En pratique, le squirt se produit le plus souvent pendant une stimulation soutenue du point G, que ce soit avec les doigts, un jouet, ou l'anatomie d'un partenaire pendant la pénétration. Le point G se situe sur la paroi antérieure (avant) du vagin, à environ 5 à 8 centimètres de profondeur, et le stimuler avec un mouvement de « viens ici » est la technique la plus souvent rapportée pour déclencher le squirt. Beaucoup décrivent une sensation de pression ou une forte envie d'uriner juste avant que le squirt ne se produise, ce qui peut causer une hésitation ou une interruption si la personne ne s'y attend pas. Le réconfort et un environnement détendu aident souvent à dépasser cette sensation. La quantité de liquide libérée varie énormément, d'une petite giclée à une libération plus notable. Certaines personnes font du squirt sans orgasme, tandis que d'autres l'expérimentent en même temps ou après l'orgasme. Les partenaires qui apprécient le squirt en décrivent souvent l'attrait comme la confirmation physique visible de l'excitation, le sentiment de lâcher prise, et l'intimité de partager quelque chose qui peut sembler vulnérable. Pour la personne qui fait le squirt, l'attrait tient souvent à l'intensité de la sensation et à la libération de tension physique et émotionnelle. Des protège-matelas imperméables ou des serviettes dédiées sont une préparation pratique et largement utilisée.

Sécurité et consentement

La communication est essentielle avant d'explorer le squirt. Le partenaire receveur ne devrait ressentir aucune pression à performer ou produire une réponse précise, car cela peut créer de l'anxiété qui rend l'excitation plus difficile. Le partenaire qui stimule devrait faire le point régulièrement et ne pas traiter le squirt comme un objectif à poursuivre. En pratique, placer une couverture ou une serviette imperméable en dessous peut réduire le stress lié au dégât et permettre aux deux partenaires de rester présents. Comme le squirt implique un liquide, les mêmes considérations de sécurité liées à l'échange de fluides que pour d'autres activités sexuelles s'appliquent. L'aftercare émotionnelle compte aussi, car certaines personnes se sentent vulnérables ou gênées la première fois que cela arrive.

Idées reçues

Se lancer en toute sécurité

  1. Posez une couverture imperméable ou quelques serviettes pliées avant de commencer. Retirer l'inquiétude du dégât permet aux deux partenaires de rester détendus et présents.
  2. Discutez ouvertement des attentes au préalable. Convenez que le squirt est un résultat possible, pas l'objectif, afin qu'aucun des deux partenaires ne se sente sous pression de performer.
  3. Concentrez vous sur la stimulation du point G avec les doigts ou un jouet incurvé conçu à cet effet. Utilisez un mouvement de « viens ici » lent et ferme et faites le point régulièrement sur la pression et le confort.
  4. S'il y a une sensation de besoin d'uriner, communiquez le à votre partenaire et essayez de vous détendre consciemment plutôt que de vous crisper. Vider sa vessie avant la session peut aider à réduire l'anxiété liée à cette sensation.
  5. Allez lentement et priorisez l'excitation globale et le confort. Le squirt, s'il se produit, tend à arriver quand une personne est très excitée et physiquement détendue, pas quand elle se concentre sur le résultat.

Questions fréquentes

Le squirt est-il la même chose que l'éjaculation féminine ?

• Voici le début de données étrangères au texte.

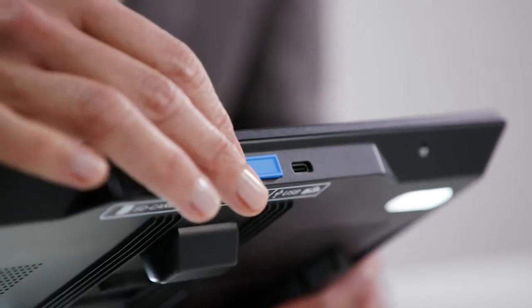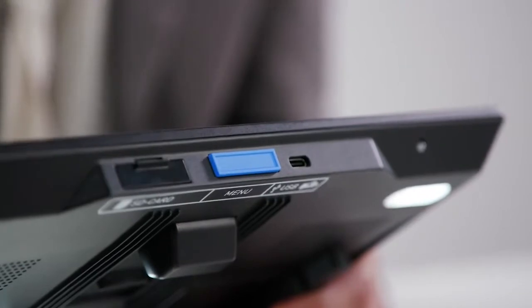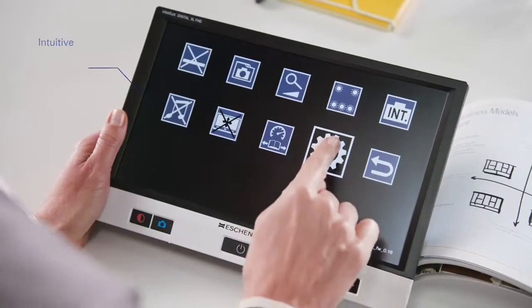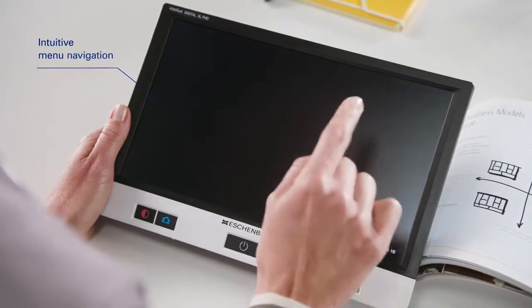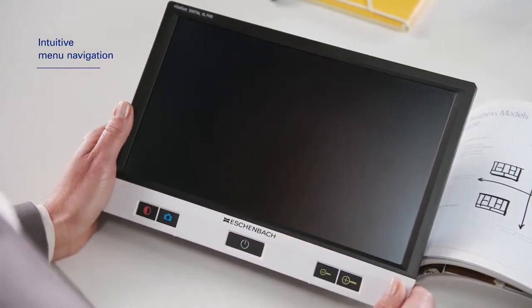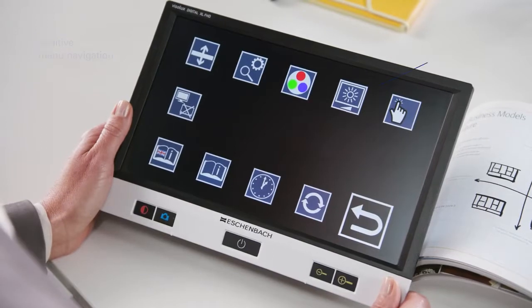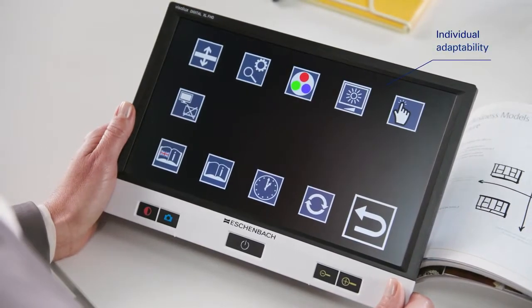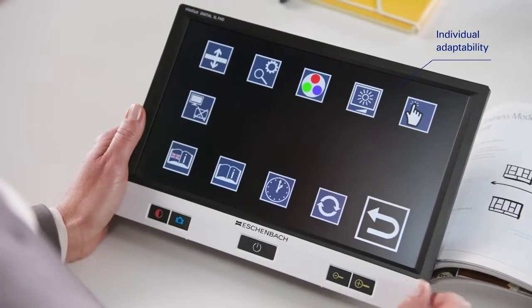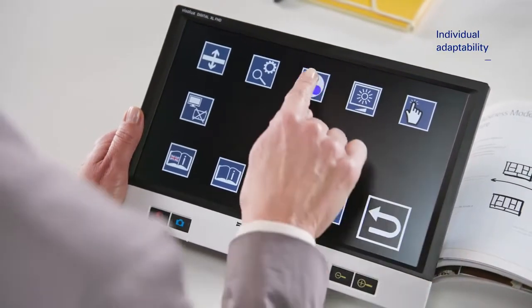Personal customization options allow you to switch the touch screen, photo function and voice output of the menu navigation on and off at any time.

Ils sont liés mais pas identiques. L'éjaculation féminine désigne précisément une petite libération de liquide laiteux des glandes de Skene. Le squirt implique généralement un volume plus important de liquide plus clair qui passe par l'urètre. Certains chercheurs traitent ces phénomènes comme des événements séparés ; d'autres les voient sur un spectre.

Le squirt signifie-t-il que quelqu'un a eu un orgasme ?

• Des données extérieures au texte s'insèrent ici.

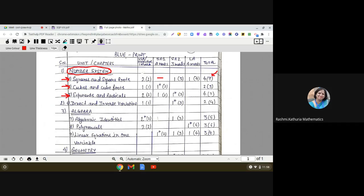Cubes and Cube Roots has a weightage of 3 marks with 2 questions: one question of 1 mark and one question of 2 marks with an internal choice — indicated by the star sign. Exponents and Radicals has a weightage of 7 marks with 4 questions: 2 one-markers, 1 two-marker, and 1 three-marker with internal choice.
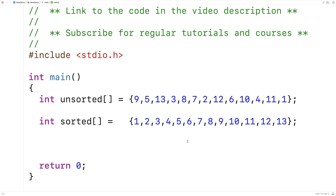In this video, I'm going to go over the binary search algorithm. The binary search algorithm allows us to find an element in a sorted array with a much quicker process than we could find an element in an unsorted array.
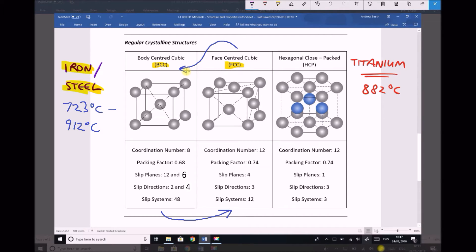To summarise: titanium will change from hexagonal close-packed to body centre cubic at 882 degrees C, and iron and steel will change from body centre cubic to face centre cubic at temperatures ranging from 723 to 912 degrees C, depending on the carbon content of the steel. The benefit is that when the structure changes, its properties change so we can shape or form the material, and then when the component cools, its properties are restored.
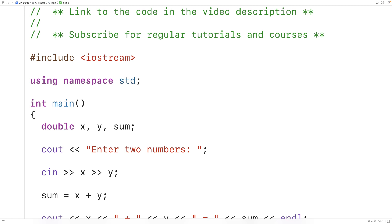In this video, we're going to learn about comments in C++. Comments are annotations that we can make to source code to make it easier to understand for other readers of the source code.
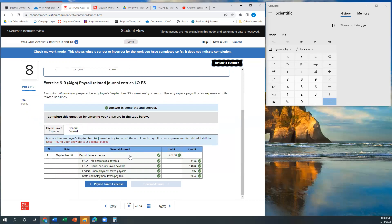So there you go, that's number 8 on the Chapter 9 and 10 Quiz Access. I hope you have a great day. Thank you.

Pas nécessairement. Le squirt et l'orgasme peuvent survenir en même temps, mais ce sont des réponses physiologiques distinctes. Certaines personnes font du squirt sans jouir, et la plupart des personnes qui jouissent n'en font pas.

Pourquoi j'ai l'impression de devoir uriner juste avant de faire du squirt ?

Les glandes de Skene et l'urètre sont situés très proches l'un de l'autre, et la pression de la stimulation du point G peut activer une sensation semblable au besoin d'uriner. C'est une part normale du processus pour beaucoup de gens, pas un signe que l'urination est réellement sur le point de se produire.

Peut-on apprendre à faire du squirt, ou est-ce quelque chose qu'on peut ou ne peut pas faire ?

Il y a une large gamme de variation naturelle. Certaines personnes découvrent qu'avec de la détente, la bonne technique et un environnement confortable, elles font l'expérience du squirt pour la première fois. D'autres, peu importe l'effort ou le niveau d'excitation, n'y arrivent tout simplement pas, et c'est une différence anatomique normale, pas un échec.

Quelle quantité de liquide est généralement libérée ?

Le volume varie considérablement d'une personne à l'autre et même d'une session à l'autre. Certaines personnes libèrent quelques millilitres, tandis que d'autres en libèrent significativement plus. Il n'y a pas de quantité standard ou normale.

Est-il sûr de recevoir le liquide du squirt ?

Les mêmes considérations de sécurité sexuelle qui s'appliquent aux autres fluides corporels s'appliquent ici. Si les deux partenaires ont été testés et connaissent leur statut respectif, le profil de risque est similaire à tout autre contact avec un fluide sexuel. Des méthodes barrières peuvent être utilisées selon les préférences.

Comment en parler

  1. Amorce 1"J'ai été curieux/curieuse à propos du squirt et si c'est quelque chose que tu serais à l'aise d'explorer ensemble, sans aucune pression pour que ça arrive réellement."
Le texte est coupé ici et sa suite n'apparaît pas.